Manabu Ikeda, History of rise and fall, Courtesy of the Artist and Mizuma Art Gallery, Tokyo

Panel with:
Ranjit Hoskoté, poet, art critic, translator and chairman of the PEN Club of India
Ming Tiampo, curator and art historian, Carleton University Ottawa
and artists of the exhibition Re-Imagining Asia:
Kim Jongku, Korea
Parastou Forouhar, Germany/Iran
Sun K. Kwak, Korea/USA
Song Dong, PR China
Shen Shaomin, PR China
Ujino Muneteru, Japan
Manabu Ikeda, Japan
Zhang Dali, China

Moderation: Shaheen Merali and Wu Hung, curators

Ranjit Hoskoté, born in Bombay in 1969, is a cultural critic, poet, chairman of the Indian PEN-Clubs and curator of countless exhibitions of Indian and Asian art. Only recently, he wrote the pamphlet Kampfabsage together with the novelist Ilija Trojanow (curator of the festival AVATAR. Asiens Erzähler within the framework of RE-ASIA) which is an intellectual point of departure for Re-Imagining Asia together with his paper on the migration of the popular Indian epic Ramayana. Hoskote’s thesis on Asia’s great stories is that traditional texts, and even religious epics, can certainly explode the alleged framework from which they originate; when they are replanted, they blossom in new form.

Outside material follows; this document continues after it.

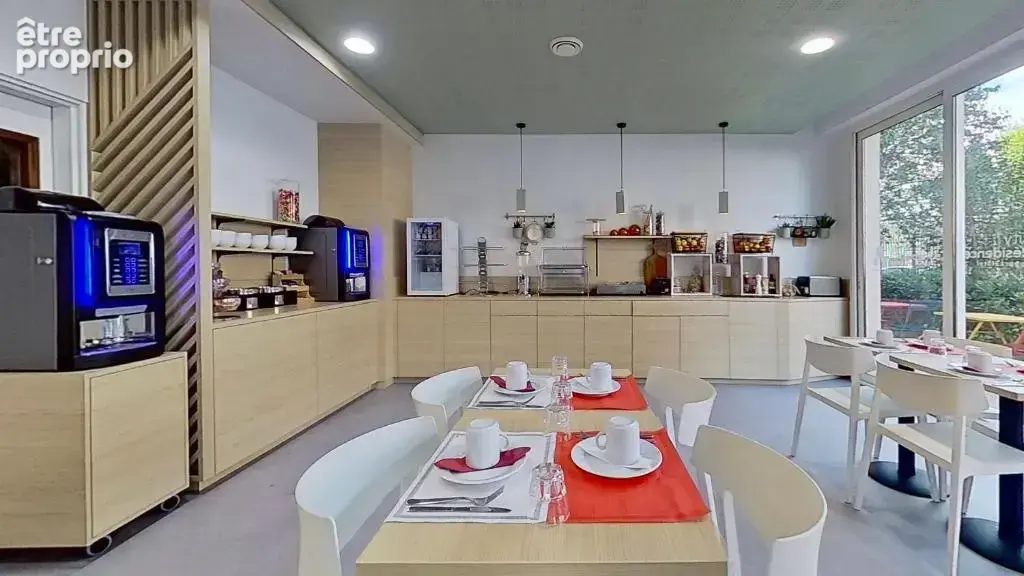 Investissement en residence hotelière - photo 8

Ming Tiampo teaches art history at Carleton University in Ottawa/Canada. She specialises in cultural communication in international relations, focusing on Japan’s cultural exchange with the West. In her current book project, she examines the degree to which the transnational activities of the avant-garde art group Gutai has contributed towards the theorisation of modernity outside the Euro-American context. Ming Tiampo has published works and taught in Canada, France, Germany, the USA and elsewhere. She is an associate member of the ICI Institute for Cultural Inquiry in Berlin. Her contribution to the exhibition catalogue Re-Imagining Asia is entitled: Cultural translation as interpoetic relations.